Inhaltsbeschreibung des Sammelbandes
»Gründet Werkstätten!« ist eine mögliche Antwort auf die aktuellen Anforderungen, die gerade die Geisteswissenschaften dazu auffordern, sich in politische Diskurse einzuschreiben und diese darüber mitzuschreiben oder mitzugestalten. Unterbrechungen und Neuanschlüsse, das Kurzschließen und Öffnen linearer Fort-Schriften scheint uns hierbei ein möglicher Modus.

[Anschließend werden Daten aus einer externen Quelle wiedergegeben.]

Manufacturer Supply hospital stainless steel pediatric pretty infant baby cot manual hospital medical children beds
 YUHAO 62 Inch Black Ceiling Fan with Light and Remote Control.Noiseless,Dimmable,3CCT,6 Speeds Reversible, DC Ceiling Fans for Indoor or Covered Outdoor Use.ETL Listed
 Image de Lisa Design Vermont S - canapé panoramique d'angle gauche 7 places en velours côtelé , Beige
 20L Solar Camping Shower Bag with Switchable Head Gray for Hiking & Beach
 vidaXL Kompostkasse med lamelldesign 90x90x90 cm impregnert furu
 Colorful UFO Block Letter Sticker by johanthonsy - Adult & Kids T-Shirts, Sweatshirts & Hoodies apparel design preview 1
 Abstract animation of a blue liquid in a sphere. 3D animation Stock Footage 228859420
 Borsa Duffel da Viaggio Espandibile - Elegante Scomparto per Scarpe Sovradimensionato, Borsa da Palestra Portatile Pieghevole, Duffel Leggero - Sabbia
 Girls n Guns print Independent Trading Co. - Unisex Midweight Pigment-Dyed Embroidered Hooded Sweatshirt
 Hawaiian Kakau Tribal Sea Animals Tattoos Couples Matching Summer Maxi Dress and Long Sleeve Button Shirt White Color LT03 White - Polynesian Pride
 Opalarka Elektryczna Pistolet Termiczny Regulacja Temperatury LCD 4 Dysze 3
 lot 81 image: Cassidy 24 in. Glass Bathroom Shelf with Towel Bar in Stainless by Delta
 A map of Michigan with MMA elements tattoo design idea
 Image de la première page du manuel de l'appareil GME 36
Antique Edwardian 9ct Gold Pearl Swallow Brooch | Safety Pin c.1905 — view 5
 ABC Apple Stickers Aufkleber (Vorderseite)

Zukunft, gefaltet. Choreographien des als-ob ist das für den Moment im Zeichenhaften stillgestellte Ergebnis einer kollaborativ-experimentellen Schreib- und Denkwerkstatt, an der elf Wissenschaftler:innen und Künstler:innen beteiligt waren. Angelehnt an das surrealistische Spiel Cadavre exquis waren die Mitschreibenden gleichsam Mitfaltende, Unterbrechende wie Unterbrochene: Ausformulierte Ansätze wurden, getaktet und gezeittafelt, fortgeschrieben, letzte Sätze eingefaltet weitergegeben und mitgerissen, woraus sich neue Anschlüsse, lose Enden und schlussendlich neun Textskulpturen ergaben, die die Signatur einer verzweigten Textagentur tragen. Agierende waren dabei nicht allein die Autor:innen oder die flüchtige Autor:innengruppe, sondern ebenso die Spielregeln, die Post und deren Irrwege, die lose im Dazwischen hängenden Anschlüsse, usurpatorische Würfelspiele und nicht zuletzt das Herausgeber*innen-Kollektiv, das als schaltende und verwaltende Instanz aktiv-passiv mitschrieb und (ver-)formte.


Zukunft, gefaltet. Choreographien des Als-Ob erscheint im Oktober 2021 bei nocturne, Berlin/Weimar. Es kann als Taschenbuch für 20€ (über Email an info@nocturne-plattform.de) bestellt werden und ist in digitaler Versionkostenfrei zugänglich.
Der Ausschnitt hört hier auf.